Your task: Within the records below, find the line with "Executive Vice President" and the line with "ADIDAS ORIGINALS Jacke", then reproduce exactly those two lines and all lines between them, without any picture.
_ _ _ _ _
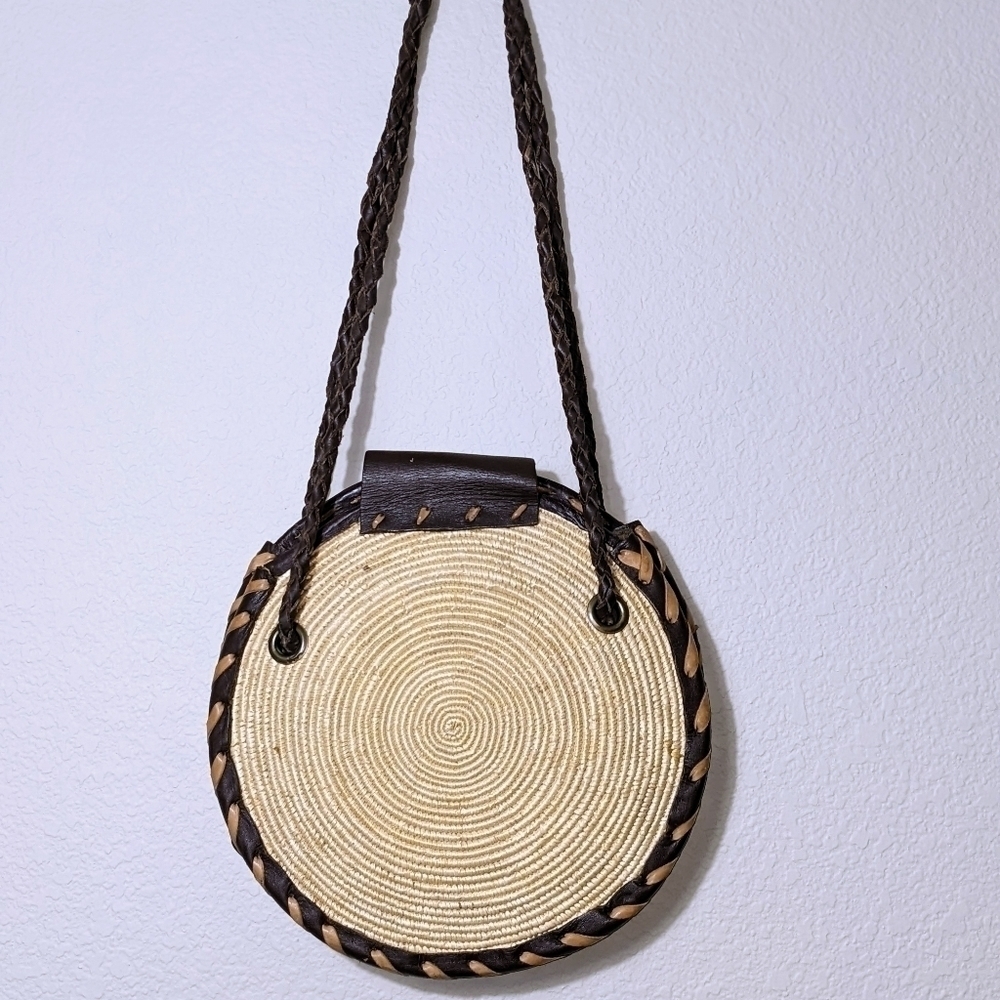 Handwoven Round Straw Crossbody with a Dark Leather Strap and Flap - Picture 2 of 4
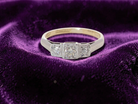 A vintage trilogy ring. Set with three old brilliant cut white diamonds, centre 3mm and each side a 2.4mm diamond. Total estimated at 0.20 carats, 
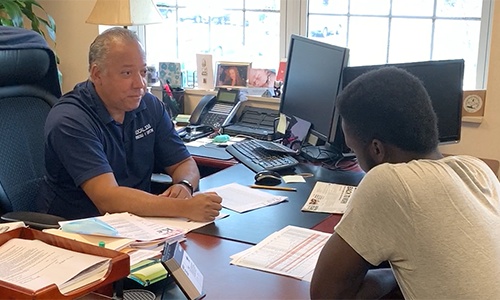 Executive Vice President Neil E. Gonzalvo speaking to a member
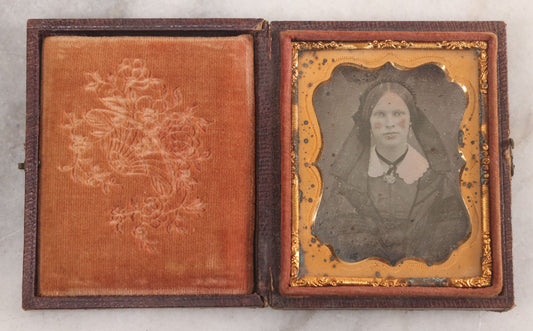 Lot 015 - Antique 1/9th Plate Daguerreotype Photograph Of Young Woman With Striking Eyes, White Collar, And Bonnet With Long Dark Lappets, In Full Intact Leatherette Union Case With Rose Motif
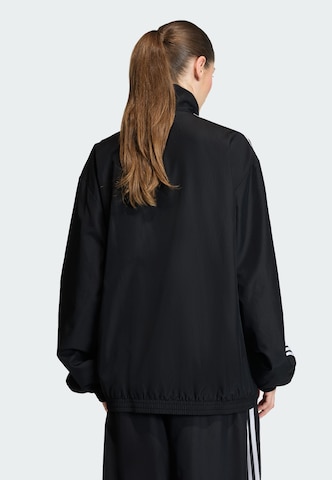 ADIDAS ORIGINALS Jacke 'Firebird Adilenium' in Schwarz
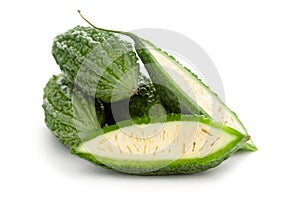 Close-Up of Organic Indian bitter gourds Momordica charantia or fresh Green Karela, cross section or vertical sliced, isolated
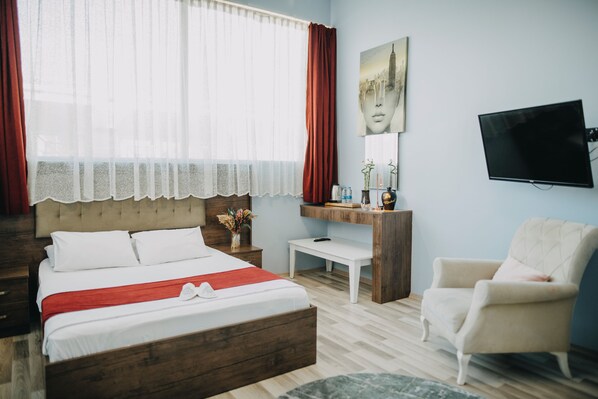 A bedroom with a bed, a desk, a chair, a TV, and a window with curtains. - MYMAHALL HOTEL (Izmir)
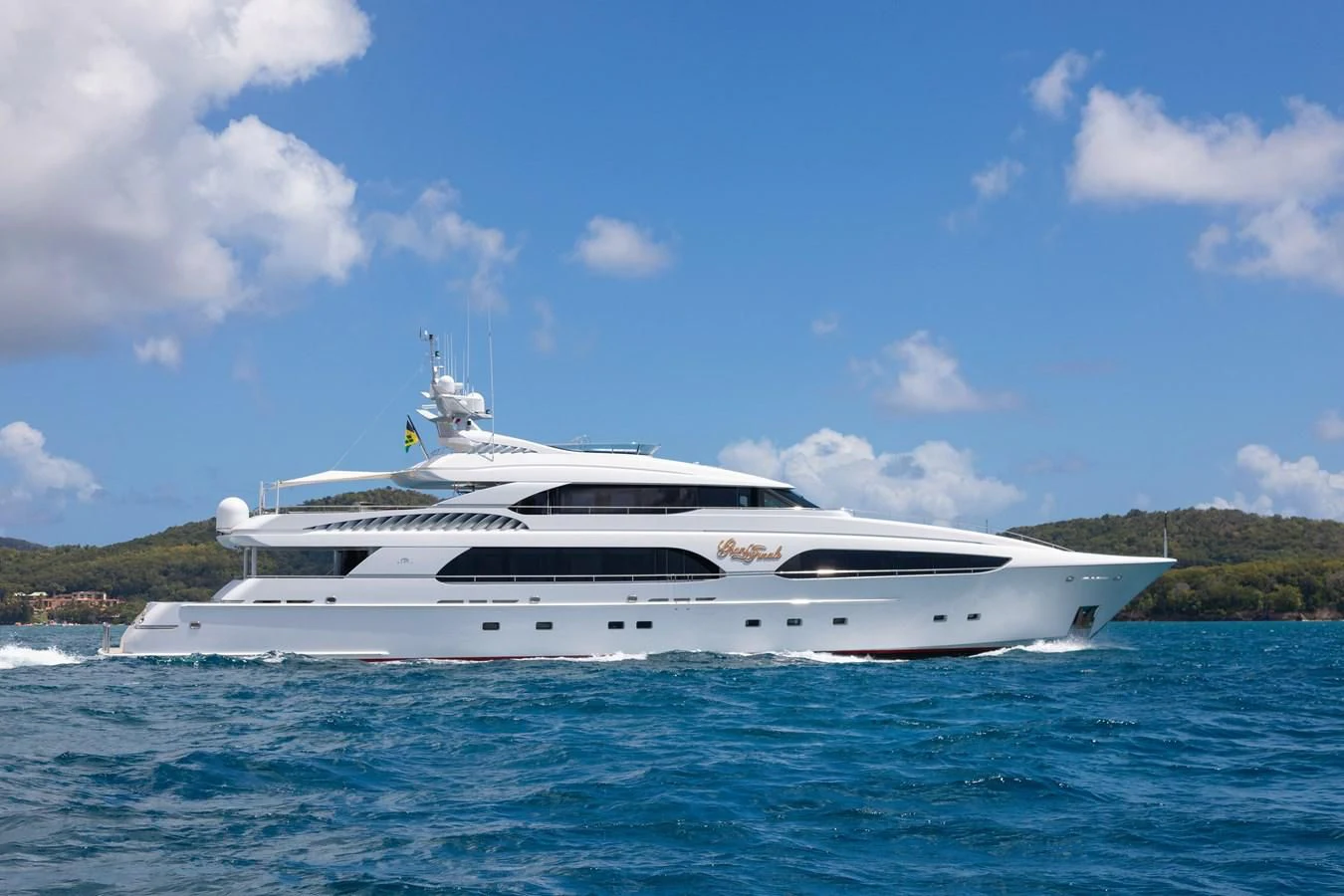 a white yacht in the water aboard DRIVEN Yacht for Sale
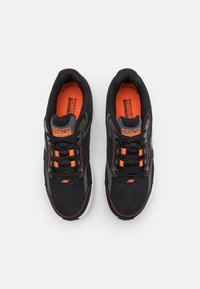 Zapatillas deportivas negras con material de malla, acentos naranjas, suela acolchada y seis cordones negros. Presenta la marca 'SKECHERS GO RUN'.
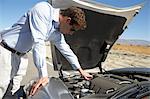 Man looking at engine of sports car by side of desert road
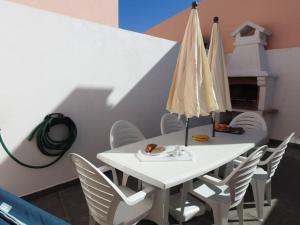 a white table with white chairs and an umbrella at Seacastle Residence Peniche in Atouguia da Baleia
_ _ _ _ _
Task solution:
 Executive Vice President Neil E. Gonzalvo speaking to a member
 Lot 015 - Antique 1/9th Plate Daguerreotype Photograph Of Young Woman With Striking Eyes, White Collar, And Bonnet With Long Dark Lappets, In Full Intact Leatherette Union Case With Rose Motif
 ADIDAS ORIGINALS Jacke 'Firebird Adilenium' in Schwarz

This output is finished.